### [Dataset records]
*** Block opens ***

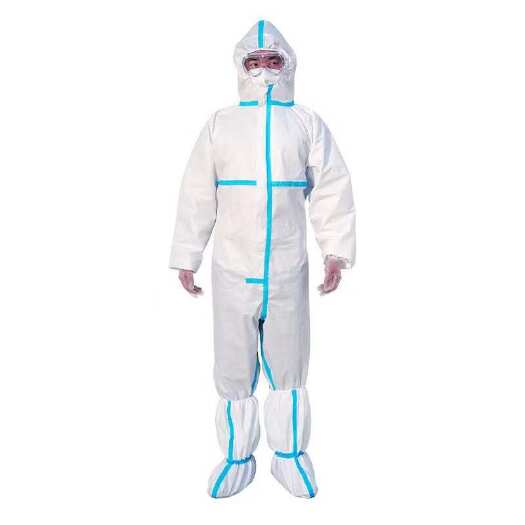 义乌市加厚一次性防护服连体带帽无纺布防尘工作服猪场养殖场喷漆隔离衣
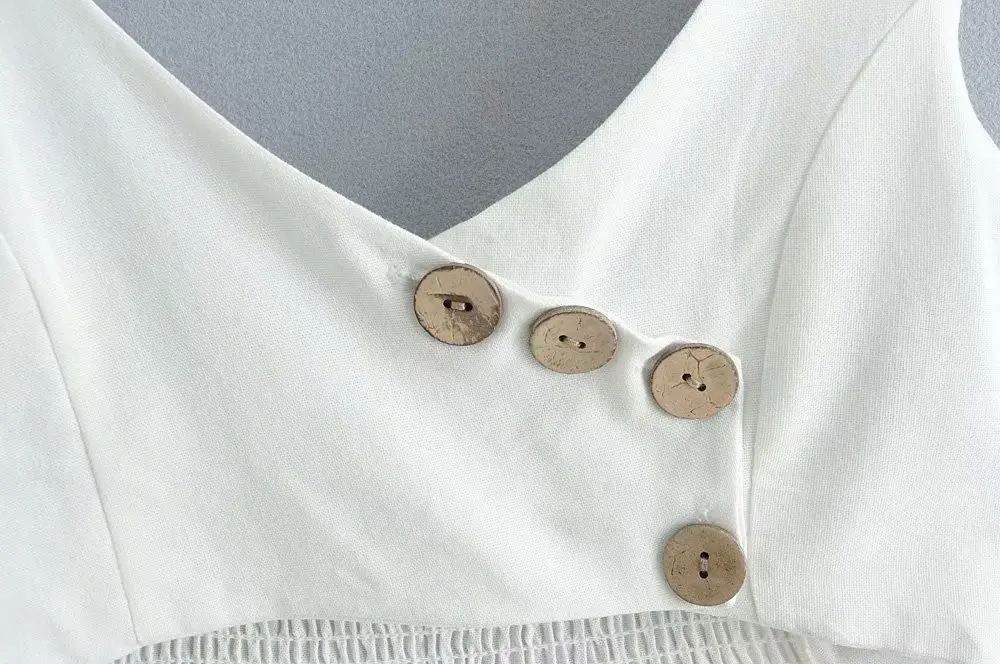 Летнее открытое женское платье на пуговицах 2019 без рукавов с разрезом vestidos Белое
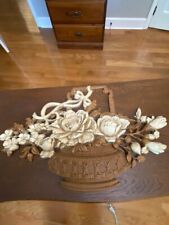 Vintage Syroco Homco 1975 Basket Of Flowers Wall Art Plaque #7605 25
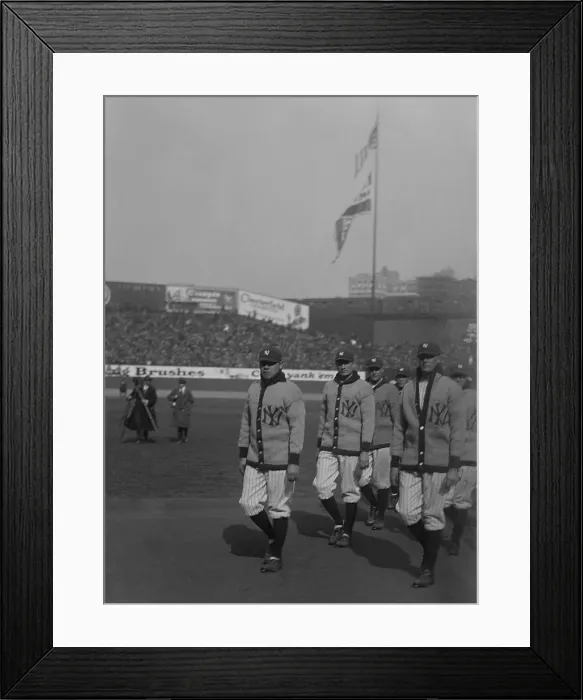 Framed Print : Babe Ruth and teammates marching at the opening of the season in Yankee Stadium, April 18, 1923. (BSLOC_2015_17_23) Framed Print : Babe Ruth and teammates marching at the opening of the season in Yankee Stadium, April 18, 1923. (BSLOC_2015_17_23)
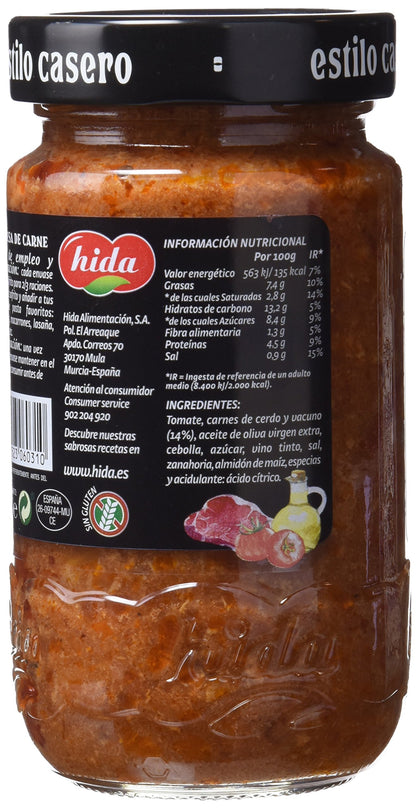 Hida Salsa Boloéesa - Paquete de 6 x 350 gr - Total: 2100 gr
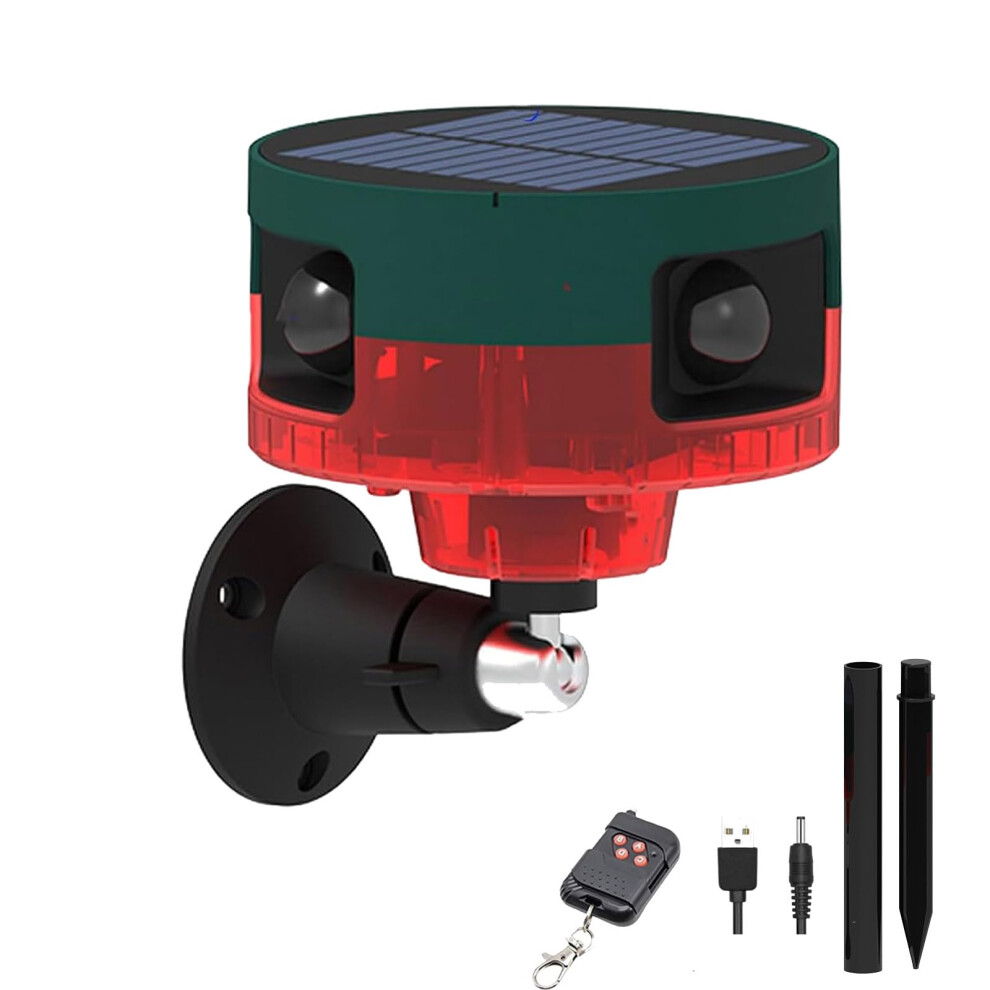 Outdoor Motion Sensor Alarm With 130Db Siren And Strobe, Solar And Usb Charging, Weather Resistant 9070919213700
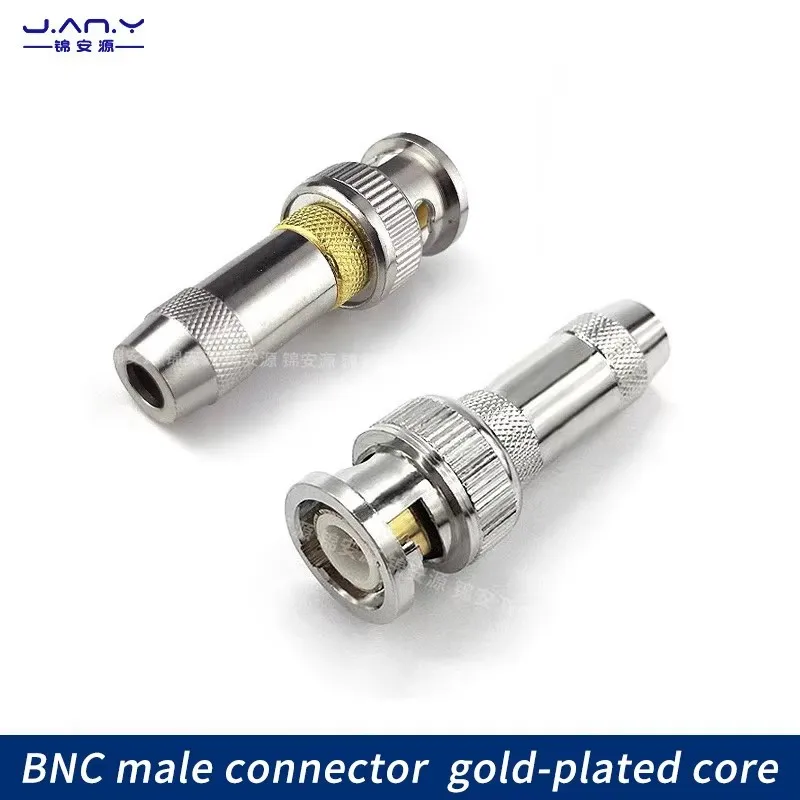 Copper gold-plated BNC male coaxial connector 75-2 Welded cold-pressed connector Q9 Digital distribution frame connector 2M head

*** Block closes ***

Verbatim copy with pictures excluded: write out the records above in full.

 义乌市加厚一次性防护服连体带帽无纺布防尘工作服猪场养殖场喷漆隔离衣
 Летнее открытое женское платье на пуговицах 2019 без рукавов с разрезом vestidos Белое
 Vintage Syroco Homco 1975 Basket Of Flowers Wall Art Plaque #7605 25
 Framed Print : Babe Ruth and teammates marching at the opening of the season in Yankee Stadium, April 18, 1923. (BSLOC_2015_17_23) Framed Print : Babe Ruth and teammates marching at the opening of the season in Yankee Stadium, April 18, 1923. (BSLOC_2015_17_23)
 Hida Salsa Boloéesa - Paquete de 6 x 350 gr - Total: 2100 gr
 Outdoor Motion Sensor Alarm With 130Db Siren And Strobe, Solar And Usb Charging, Weather Resistant 9070919213700
 Copper gold-plated BNC male coaxial connector 75-2 Welded cold-pressed connector Q9 Digital distribution frame connector 2M head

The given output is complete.